Let's start with the code segment shown in Listing 1. Try pressing `Ctrl-C' while the program is running. You will note that instead of getting terminated (which is the usual behaviour), the program gets `stopped'; executing `ps ax' shows that this is indeed the case.
The `ptrace' system call has the prototype:
long ptrace(enum __ptrace_request request, pid_t pid, void *addr, void *data);The first argument is a `request'. Here, we are using the macro PTRACE_TRACEME by which our program is conveying its readiness to get `traced'. The remaining three arguments are simply ignored if the request is PTRACE_TRACEME. Once the program has announced that it is ready to be traced, any signal delivered to it (with the exception of SIGKILL) will result in the process getting stopped. Pressing `Ctrl-C' results in a SIGINT signal being delivered to the process.
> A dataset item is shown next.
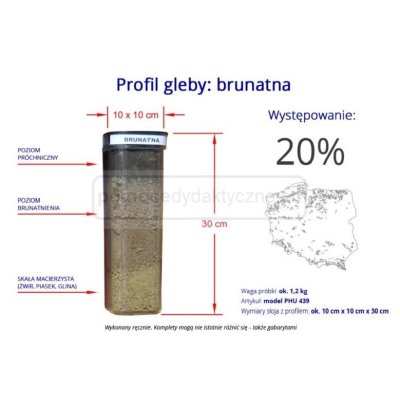 Gleba brunatna - profil gleby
Let's make things a bit more interesting. Listing 2 shows a program which calls the `fork' system call and creates a copy of itself. The child process invokes `execl' and runs the program `child1' which has been compiled from Listing 3. The program being exec'd keeps printing `hello' in an infinite loop after expressing its willingness to be traced. Now, the parent process sleeps for 1 second and then sends the SIGINT signal to the child (using the `kill' system call). As a result, the child process stops and the parent comes out of `wait'; the WIFSTOPPED macro checks whether the variable `status' contains a bit pattern which indicates the fact that the child has stopped. The parent then goes to sleep for three more seconds; once it comes out of the sleep, it restarts the child by invoking `ptrace' with the request PTRACE_CONT.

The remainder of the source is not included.